Historically, July 17 marks a pivotal moment for the S&P 500, Rubner notes, drawing on data since 1928. August follows, notoriously the worst month for outflows from passive equity and mutual funds.
With weak seasonality, stretched positioning, and all good news priced in, the index teeters on the edge of a summer correction. Goldman’s trading desk has anticipated this since early June.
“The pain trade is no longer higher from here,” Rubner wrote to clients.
The S&P 500 and Nasdaq 100 fell Wednesday on worries over US-China-Taiwan tensions, impacting global chipmakers. This comes after the S&P 500 reached 38 all-time highs in 2024, setting it up for the second-most closing highs in nearly a century, just behind 1995.
Following this winning streak, stocks are vulnerable to weak inflows and negative news. August lacks predicted inflows from passive investors or mutual funds, as capital has been allocated for Q3, Rubner says.
Trend-following systematic funds have maxed out their positions, leaving no room for further buying.

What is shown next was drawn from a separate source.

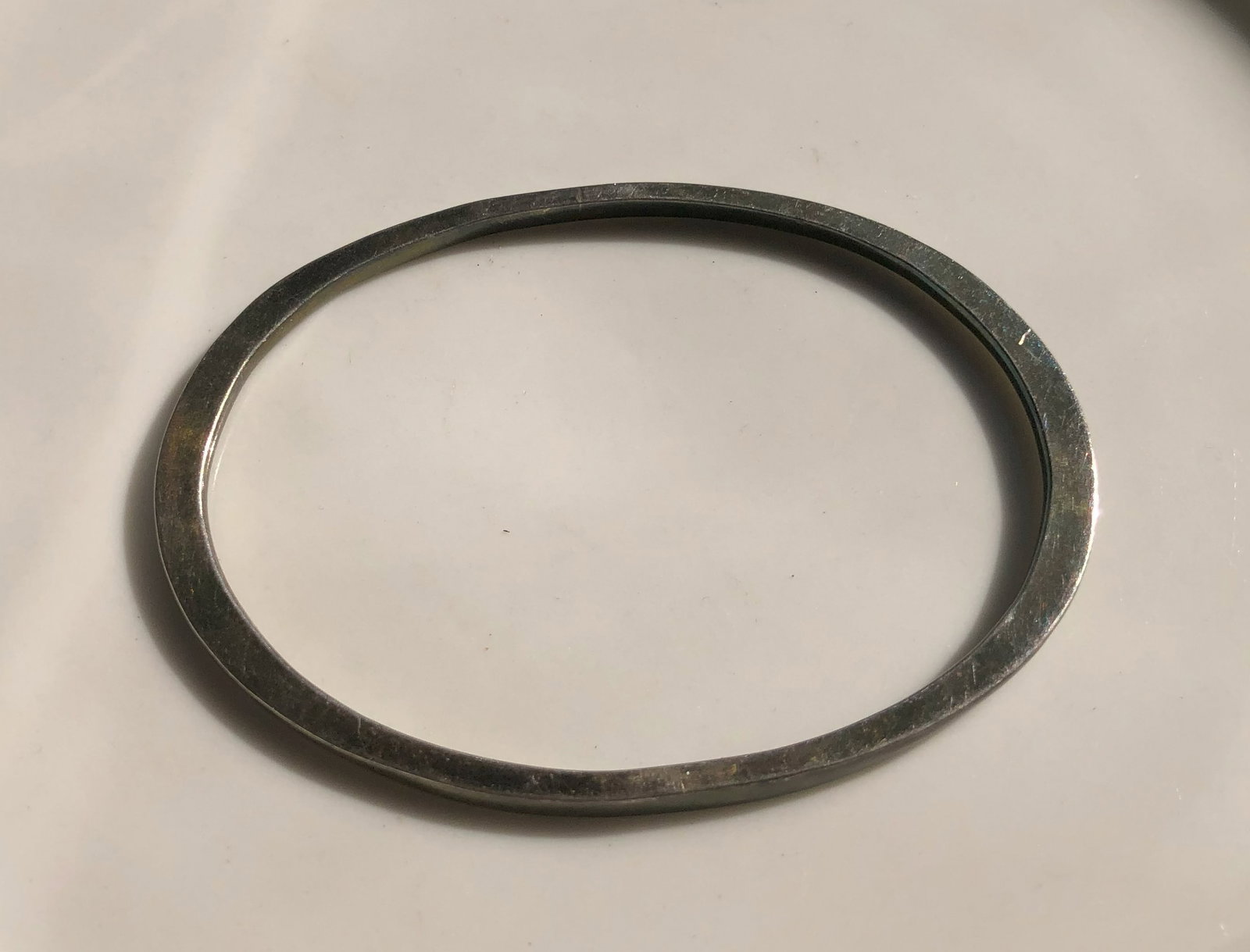 Vintage Silver Bracelet: Vintage Silver Bracelet, weight 17.2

Despite some investors’ hopes for strong business earnings, a potential Fed rate cut, and rising odds of Trump winning the election, Rubner doubts these will boost stocks.
He argues these factors are already priced in, and expectations for top tech earnings are sky-high. “And by high, I mean they need to be great,” he wrote.
Rubner advises clients to consider Nasdaq 100 and S&P 500 December lookback put options, allowing the holder to exercise a derivative at the most favorable price of the underlying asset over the option’s life.